Although we don't believe in timing the market or panicking over daily movements, we do like to keep an eye on market changes -- just in case they're material to our investing thesis.
Federal Reserve Chairwoman Janet Yellen is testifying before a congressional committee today about her policies and what the central bank plans to do to help improve the economy and the jobs market. In a brief summary, Yellen told lawmakers she will continue with the policies started during Ben Bernanke's tenure as chairman. Yellen said she sees cyclical issues still present within the economy, and thus additional stimulus is needed.
While it does not seem all committee members are completely satisfied with Yellen's answers, the markets certainly are liking what they are hearing as. The Dow Jones Industrial Average (^DJI -0.50%) is up 172 points, or 1.09%, as of 1 p.m EST, while the S&P 500 is higher by 0.92% and the Nasdaq has risen 0.88%.

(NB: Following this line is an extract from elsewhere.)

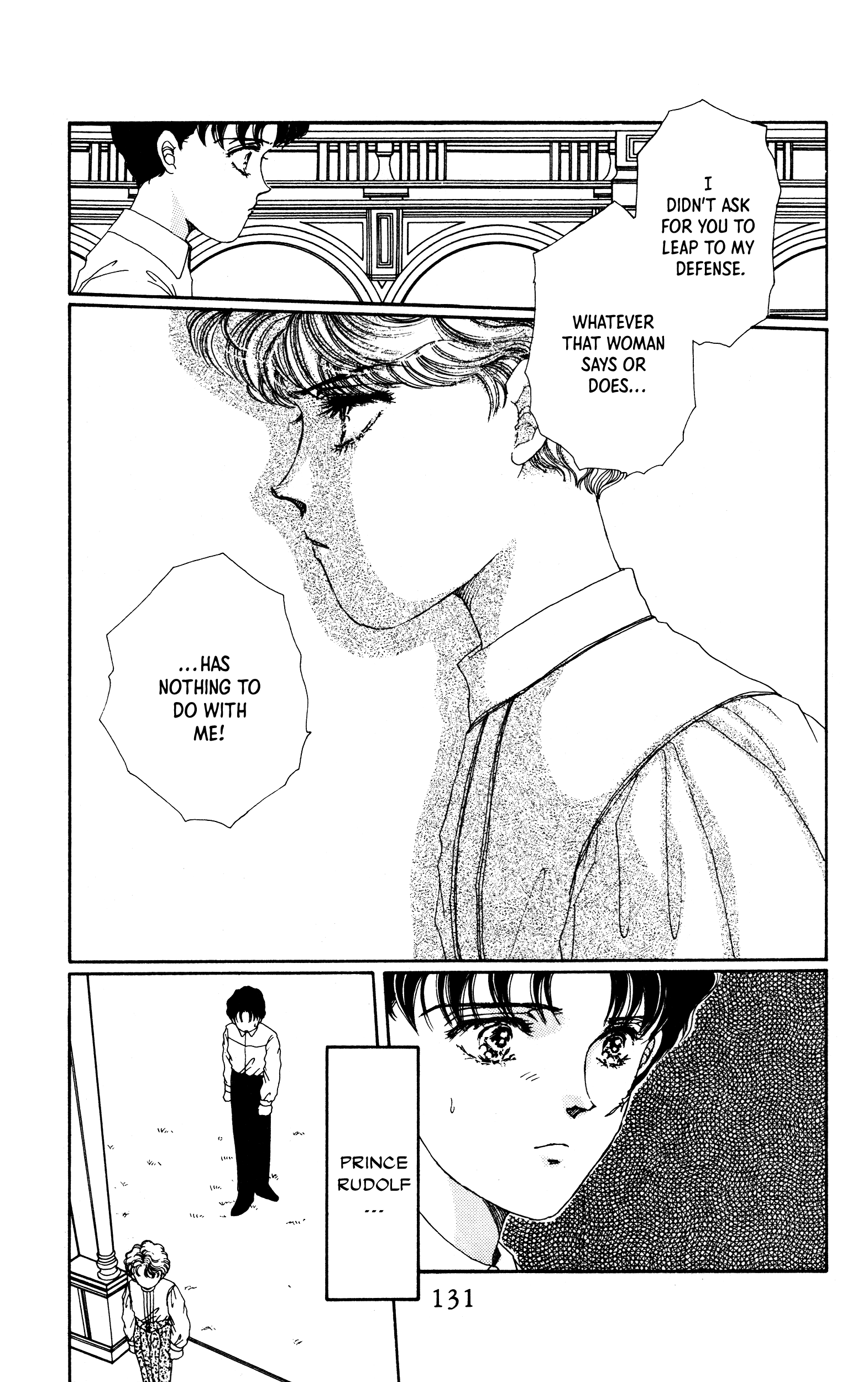 Divine Love, Earthly Passion Vol. 1 Ch. 4 第23页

All 30 Dow components except one, Cisco (CSCO -0.23%), are higher at this time. Cisco's decline of 0.13% comes as the company is set to release earnings tomorrow, and both analysts and investors seem to be getting nervous about what the company may report. This morning Sterne Agee maintained its buy rating on the stock with a $25 price target, but noted that shares should have a floor at $21 based on future earnings. To me the report reads as a big hedge against what may happen tomorrow. The analyst truly seems to have no clue where the stock may go and how the earnings release will affect shares, but I believe that is a good thing. All too often we read analysts' reports that seem to be filled with conviction about stock movements and no possibility of error. The problem is, analysts are wrong all the time. Telling me that you like a stock long term, but in the meantime shares may fall, but you honestly are not sure, is honest. Investors need to remember that analysts are not gods; they don't know the future, so don't take their word for it, do your own research and come up with your own opinions.
One big winner within the Dow is Chevron (CVX 0.83%), as shares are higher by 1.6% despite reports that the company is dealing with a well fire in Pennsylvania. One person has been hospitalized while another was missing as of noon. With the rapid increase of fracking in the U.S. one can only hope the problem was user error and not something caused by the process of removing oil and gas from the earth, which could lead to much large problems for Chevron and the whole industry.
Outside the Dow, shares of retailer J.C. Penney (JCPN.Q) are up 4.9%. The move comes with little news today, but management recently released holiday sales figures showing revenue rose 3.1% during November and December. This indicates that consumers are slowing coming back to the embattled department store chain, but some feel that customers are not coming back fast enough. Today's move higher may not be the best time to jump on the J.C. Penney bandwagon, as the company has a long road still ahead.